L315: Small correlations indicate that complementarity is possible. However, ideal complementarity is associated with negative correlations. You should further discuss this aspect when commenting on Fig. 6 and 7.

Conclusions: In my understanding, in a context of decreasing aerosol content, the decrease in clear-sky radiation should be associated with increasing water vapour. Am I correct? If so, could you show that?

General comment:

The manuscript presents an interesting topic that has already been studied using projections from CMIP-5 and also regional climate models. However it is important to estimate projected changes of solar radiation and photovoltaic production with the new generation of climate projections from CMIP-6, in order to know the agreement or disagreement with previous results. I recommend the article for publication, although I have some comments to be addressed first.

Specific comments:

Methodology:

It could be good to remark that the PV model is using the inclination of the PV panels. This was not very common in other studies like Jerez et al. 2015.

Results:

The results on clear sky radiation are very interesting, and show differences between the two scenarios. Although the authors speculate with the reasons behind that differences, the variables that are involved in the explanation are not shown: water vapor content and aerosols. You should include them in the analysis. Is the clear-sky radiation of the different climate models provided by each institute? If not, how it is calculated?.

In line 170, it would be nice to indicate that the uncertainty in the rsdscs is widespread for the 8.5 scenario.

Regarding the seasonal results: there is an increase of PV production in summer and a decrease in winter months, it should be further commented about this fact in terms of the implications of these changes, considering that PV peaks in summer.

Results are based on changes at the end of the century and there is the issue of uncertainty. Can they be useful for policymakers, investors or utilities? A comment on that would enrich the paper.

The PV correlation changes shown are positive for most of the domain, and very low. However, it is not clear how is the correlation in the historical period (Fig 5), it would be good to see them. In addition, it should be included that a negative correlation close to -1 is the most ideal case, isn’t it?.

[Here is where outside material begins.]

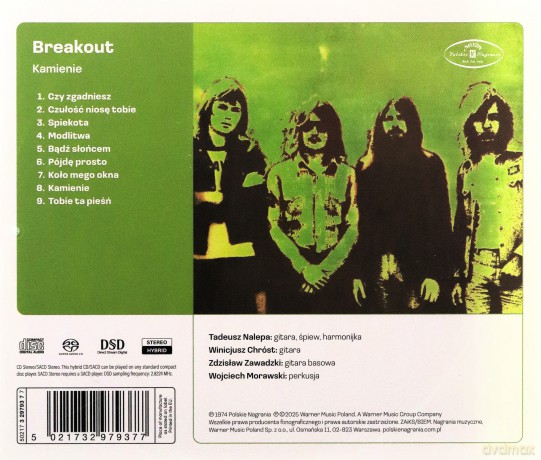 Breakout: Kamienie [SACD]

From my point of view, it is not very interesting to analyse the correlation between cells of the domain or regions that include different countries. In terms of energy, countries are operating as single units, if I am not wrong. Correlation between single countries is more appropriate to do this balancing study.

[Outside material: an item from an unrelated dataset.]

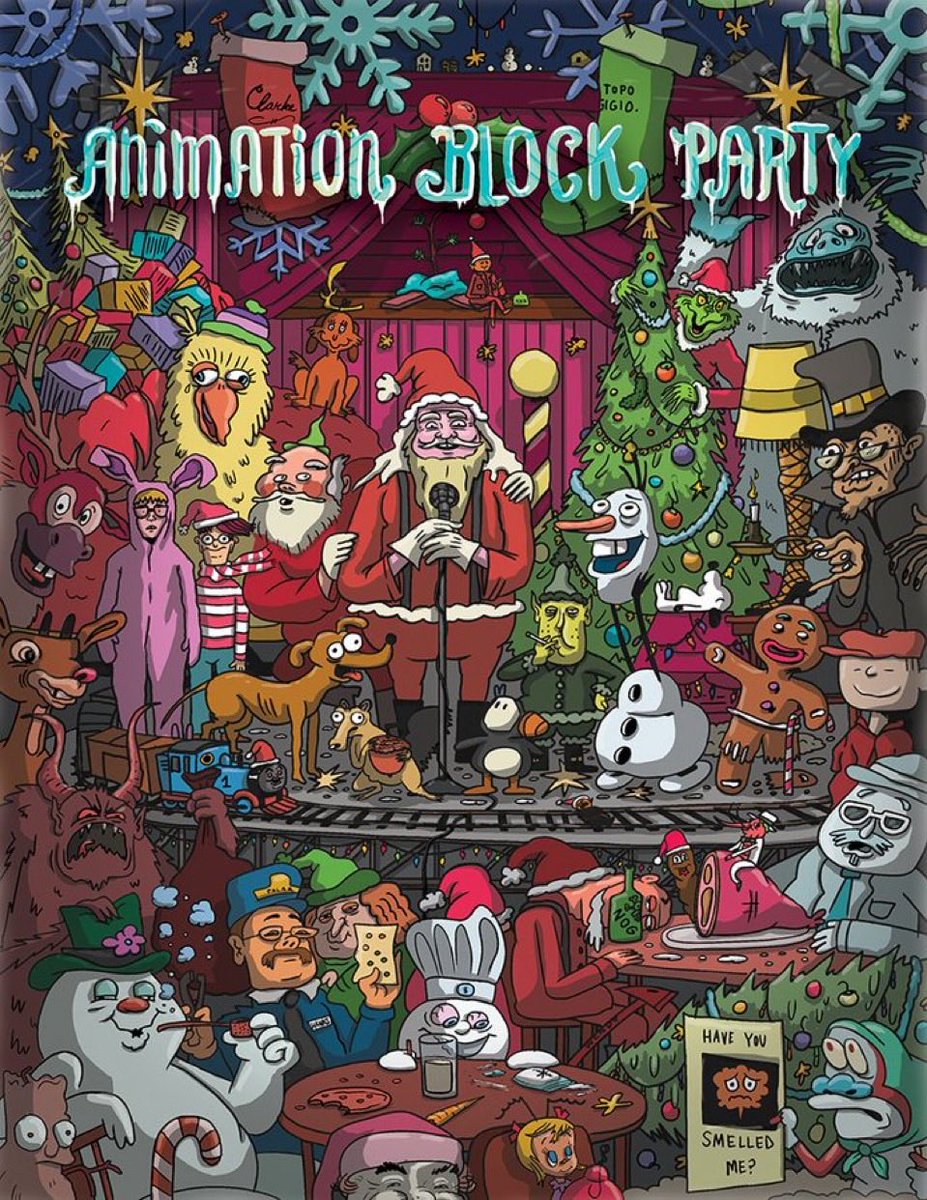 Animation Block Party Winter Extravaganza in Los Angeles w <a href="/PictureThisShow/">Picture This! 🎨 🎭</a> 12/20/2025 <a href="/LyricHyperion/">The Lyric Hyperion</a> ☃️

Line 31: Please, add more references to this sentence.

Line 43: more up to date paper of EURO-CORDEX: “Regional climate downscaling over Europe: perspectives from the EURO-CORDEX community” Jacob et al. 2020. Please state more clear the differences between global and regional climate models.

Line 45: not all the models keep the aerosols constant, although most of them. Please correct.

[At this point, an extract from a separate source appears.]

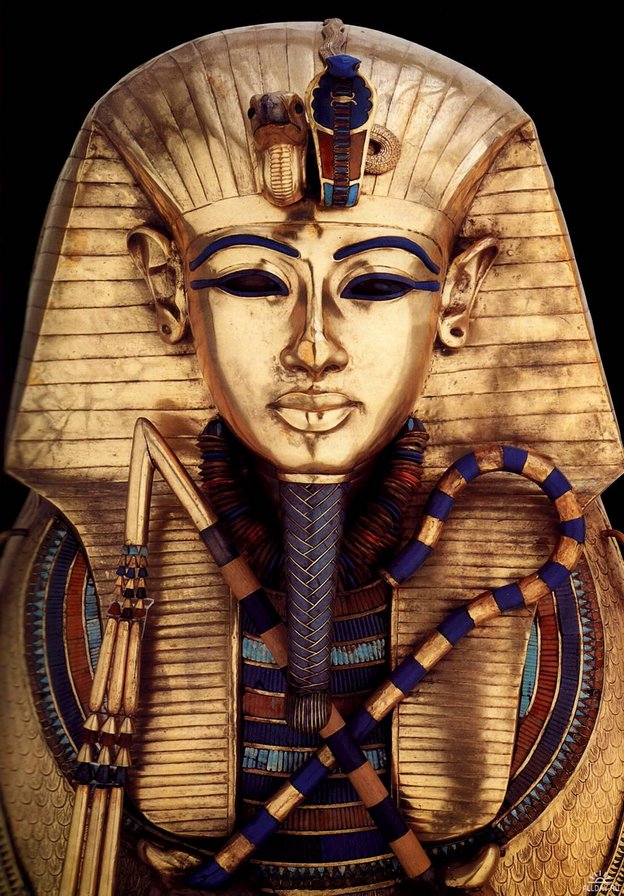 Маска фараона - красота, древность, египет, архитектура, памятник - оригинал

Line 160: “All-sky radiation evolves differently…” I would say that they evolve similarly: in both scenarios there is an increase, although it is of different magnitude. The other variables evolve differently.

Line 297: some other references should be included when it is said “due to a too simple treatment of aerosols…” Boé et al. 2020: Boé, J., Somot, S., Corre, L., & Nabat, P. (2020). Large discrepancies in summer climate change over Europe as projected by global and regional climate models: causes and consequences. Climate Dynamics, 54(5), 2981-3002. Gutiérrez et al. 2020: Gutiérrez, C., Somot, S., Nabat, P., Mallet, M., Corre, L., van Meijgaard, E., Perpiñán, O. & Gaertner, M. Á. (2020). Future evolution of surface solar radiation and photovoltaic potential in Europe: investigating the role of aerosols. Environmental Research Letters, 15(3), 034035.

Line 309: “Jerez et al. (2015) also confirmed a slightly positive trend in southern Europe based on regional climate models” I think there is also a difference between the analysed periods.

In order to help the reader with the results and the comparison, it would be very useful to have the same scale for the maps of the two scenarios.

Line 319: “In the mitigation SSP1-2.6…” it sounds repetitive with previous sentence, try another formula.